(Working data)
━━━━━━━━

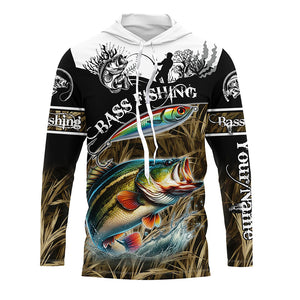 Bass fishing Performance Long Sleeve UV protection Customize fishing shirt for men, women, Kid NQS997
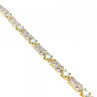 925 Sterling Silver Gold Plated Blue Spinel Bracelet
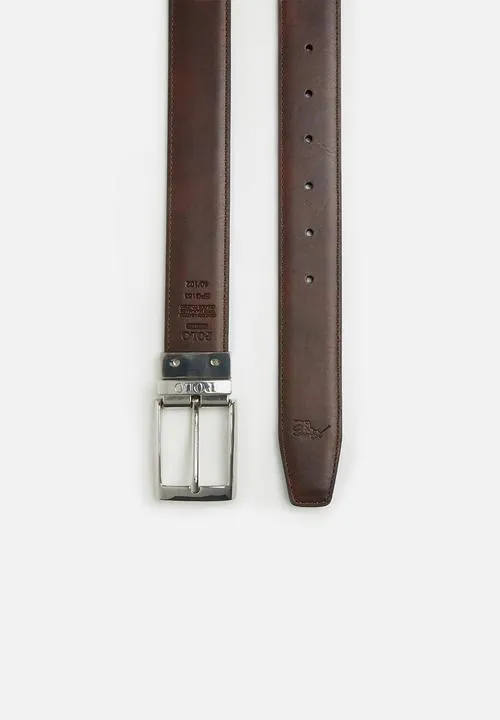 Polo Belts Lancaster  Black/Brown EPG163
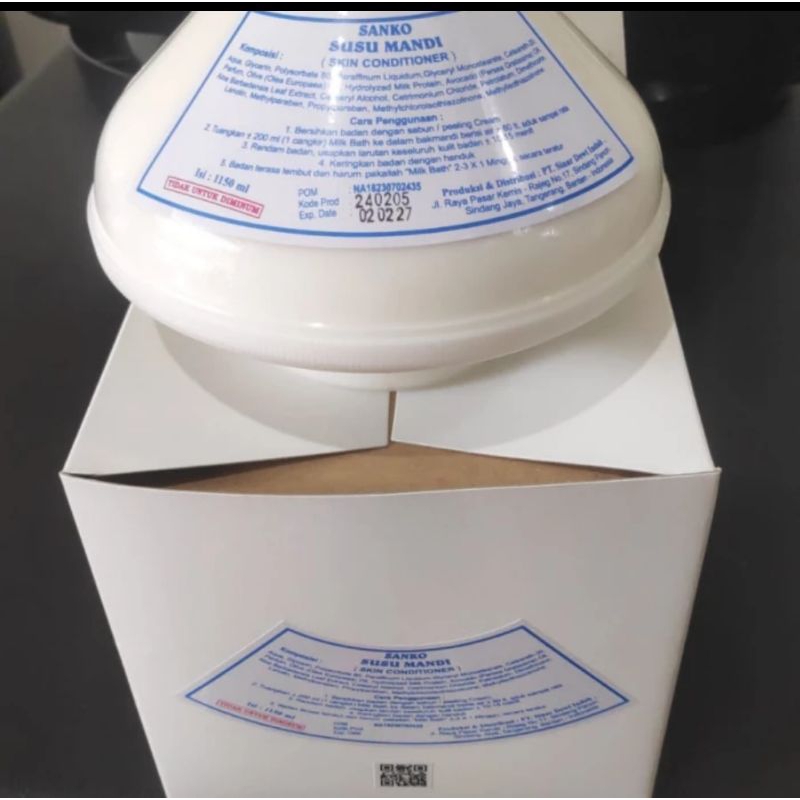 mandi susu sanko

━━━━━━━━

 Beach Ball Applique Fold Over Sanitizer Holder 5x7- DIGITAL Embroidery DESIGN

━━━━━━━━

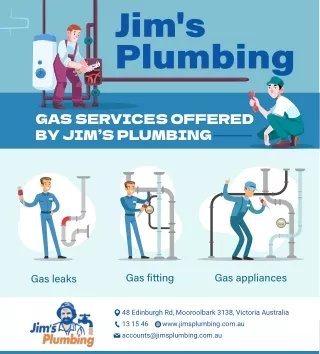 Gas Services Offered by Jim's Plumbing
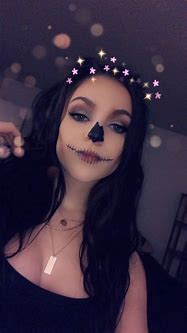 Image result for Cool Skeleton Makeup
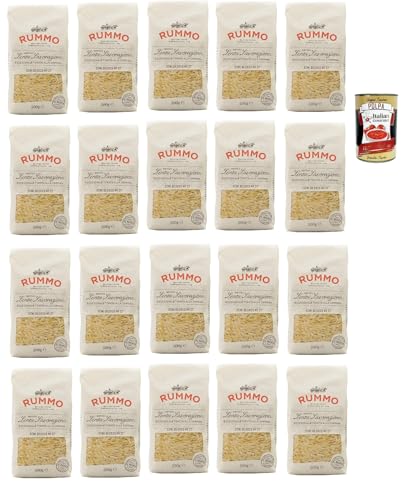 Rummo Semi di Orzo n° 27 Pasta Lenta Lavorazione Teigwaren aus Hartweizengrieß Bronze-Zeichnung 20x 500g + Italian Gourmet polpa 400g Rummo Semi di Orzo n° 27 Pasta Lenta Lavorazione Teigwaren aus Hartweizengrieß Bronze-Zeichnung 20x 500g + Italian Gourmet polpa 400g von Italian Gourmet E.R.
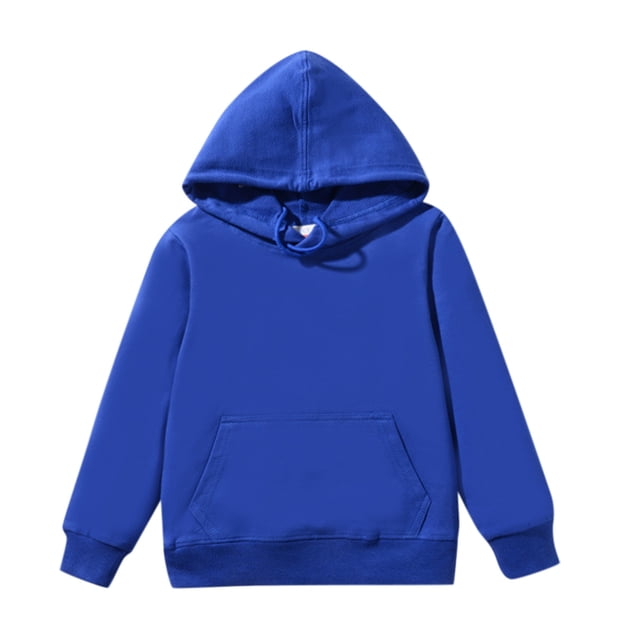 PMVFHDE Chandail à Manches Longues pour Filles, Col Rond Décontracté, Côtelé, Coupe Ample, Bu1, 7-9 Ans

━━━━━━━━

(What you have to do)
Within the entries above, the lines from the one containing "Image result for Cool Skeleton Makeup" through the one containing "PMVFHDE Chandail à" are to be transcribed exactly, ends included, pictures excluded.

(Task solution)
 Image result for Cool Skeleton Makeup
 Rummo Semi di Orzo n° 27 Pasta Lenta Lavorazione Teigwaren aus Hartweizengrieß Bronze-Zeichnung 20x 500g + Italian Gourmet polpa 400g Rummo Semi di Orzo n° 27 Pasta Lenta Lavorazione Teigwaren aus Hartweizengrieß Bronze-Zeichnung 20x 500g + Italian Gourmet polpa 400g von Italian Gourmet E.R.
 PMVFHDE Chandail à Manches Longues pour Filles, Col Rond Décontracté, Côtelé, Coupe Ample, Bu1, 7-9 Ans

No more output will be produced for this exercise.